REQUIRED WORK –
Beginning at the first line of the material, output each line exactly until you reach and include the line containing "Ryad Boudebouz adalah". Leave every picture out.

** SOURCE INFORMATION follows **

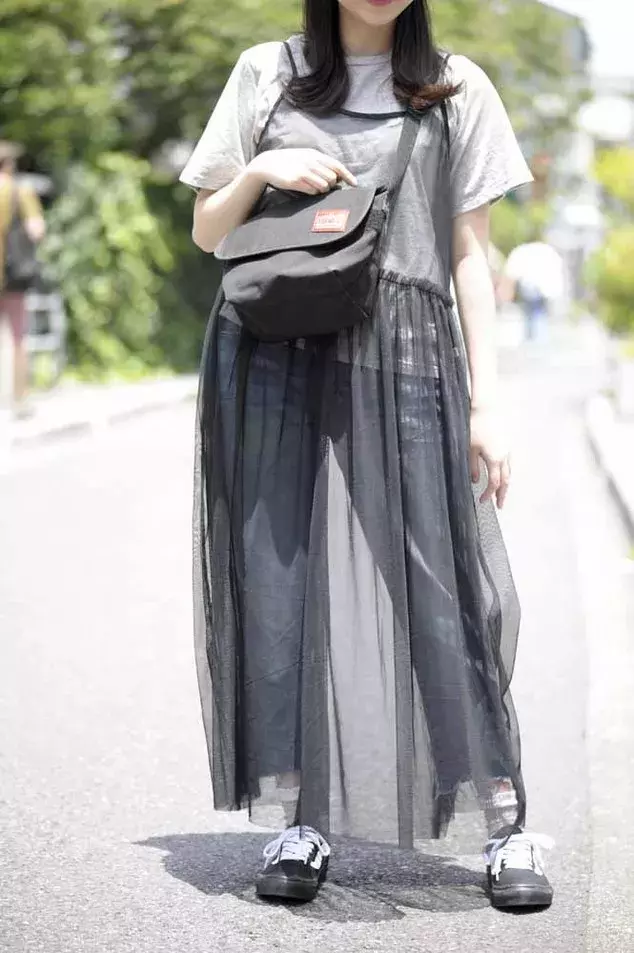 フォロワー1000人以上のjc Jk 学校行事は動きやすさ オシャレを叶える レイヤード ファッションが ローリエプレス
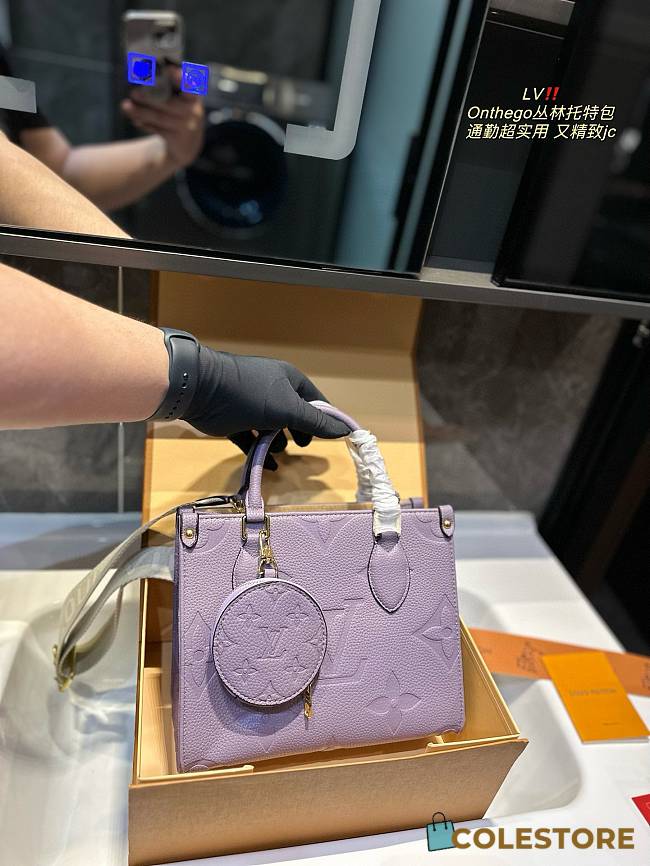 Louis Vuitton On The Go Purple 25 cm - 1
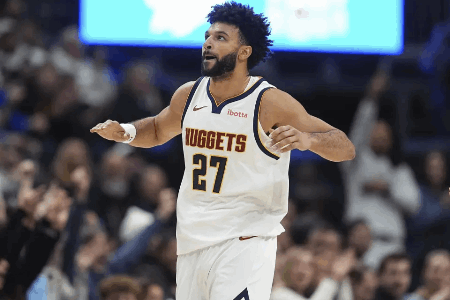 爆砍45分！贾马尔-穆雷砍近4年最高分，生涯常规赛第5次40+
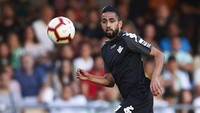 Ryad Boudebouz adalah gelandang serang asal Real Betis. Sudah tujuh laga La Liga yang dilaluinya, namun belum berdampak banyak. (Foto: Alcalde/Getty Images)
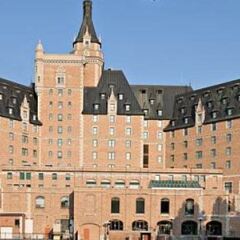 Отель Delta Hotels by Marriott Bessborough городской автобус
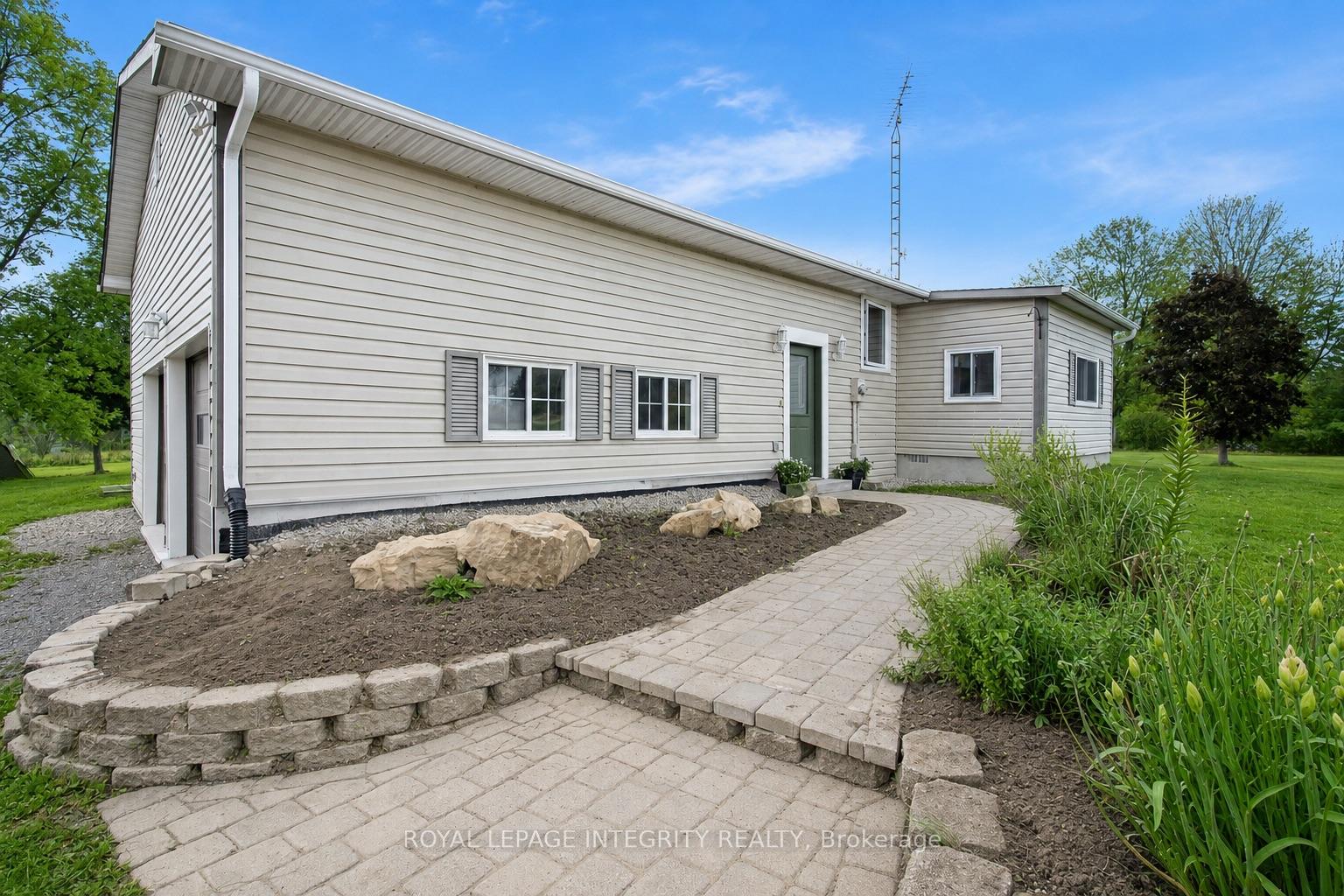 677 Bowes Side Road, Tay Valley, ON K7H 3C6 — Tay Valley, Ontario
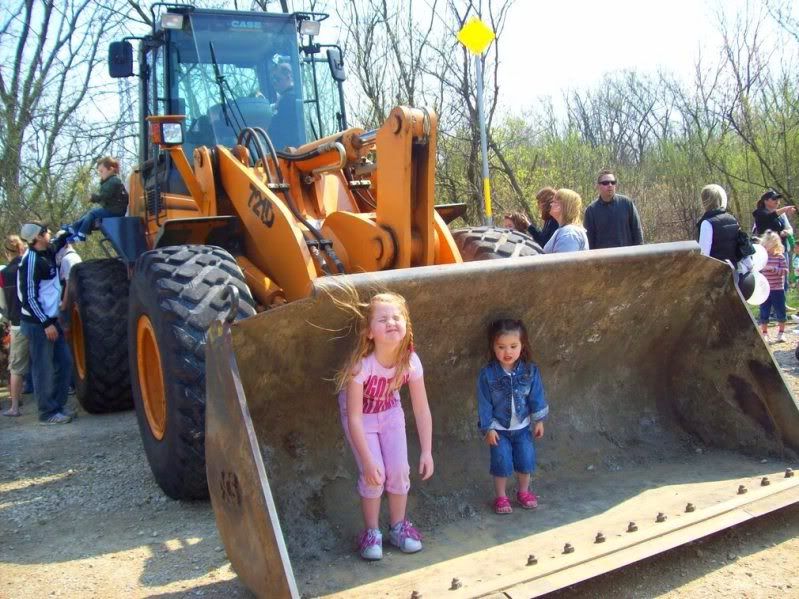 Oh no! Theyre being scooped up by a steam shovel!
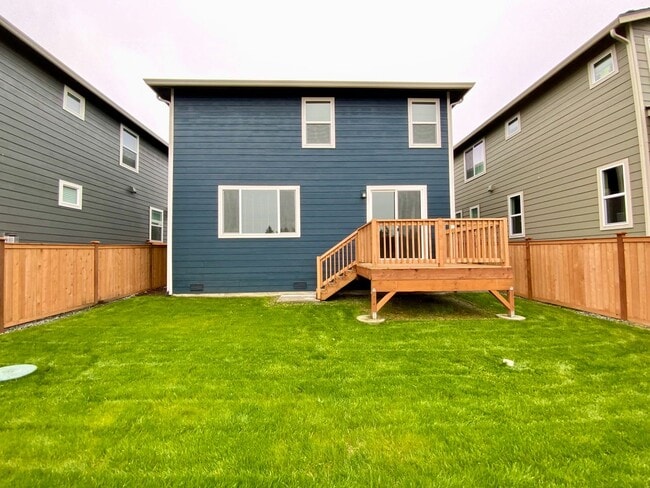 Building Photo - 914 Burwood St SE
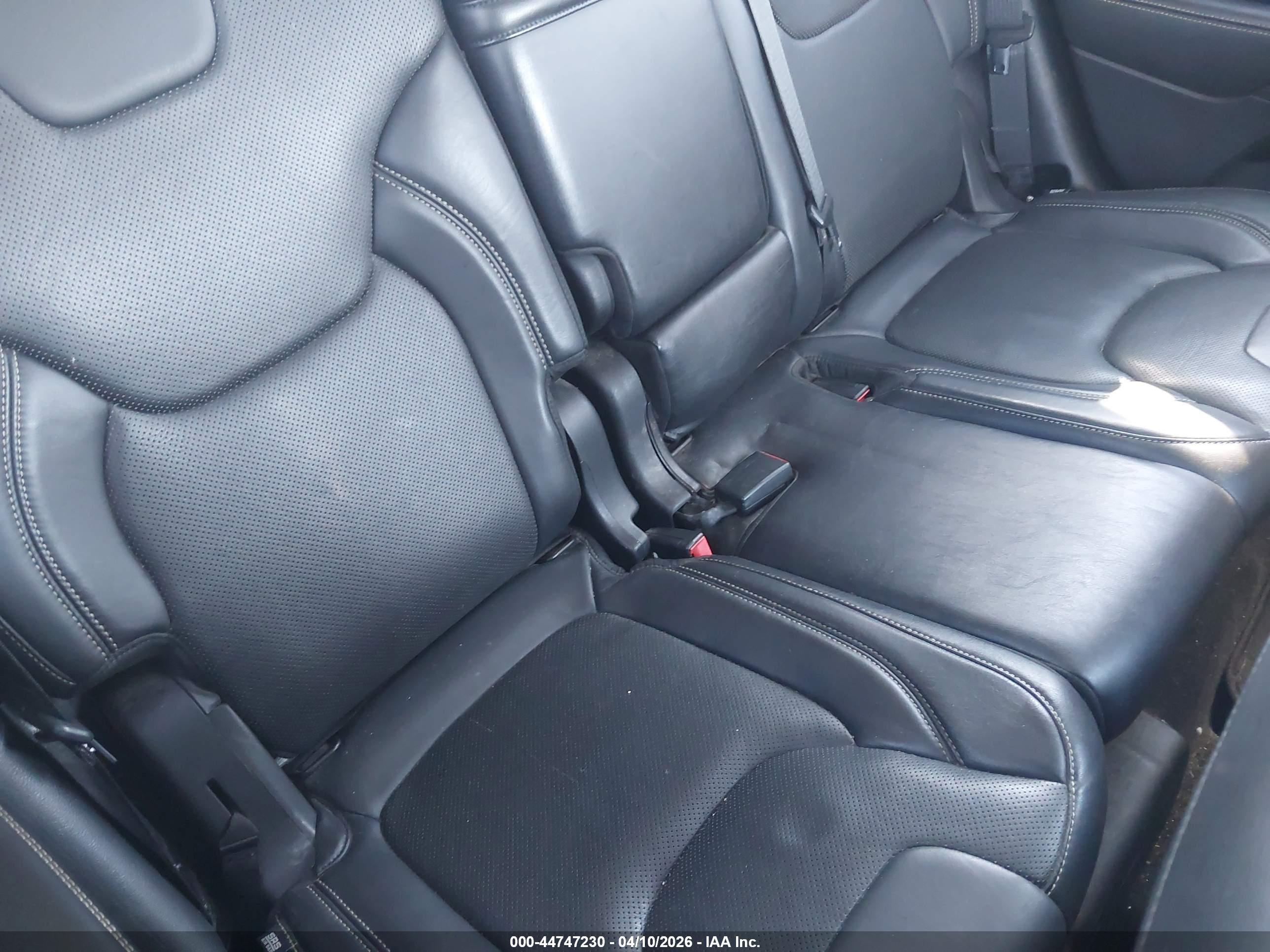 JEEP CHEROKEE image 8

** End of SOURCE INFORMATION **

TASK RESULT –
 フォロワー1000人以上のjc Jk 学校行事は動きやすさ オシャレを叶える レイヤード ファッションが ローリエプレス
 Louis Vuitton On The Go Purple 25 cm - 1
 爆砍45分！贾马尔-穆雷砍近4年最高分，生涯常规赛第5次40+
 Ryad Boudebouz adalah gelandang serang asal Real Betis. Sudah tujuh laga La Liga yang dilaluinya, namun belum berdampak banyak. (Foto: Alcalde/Getty Images)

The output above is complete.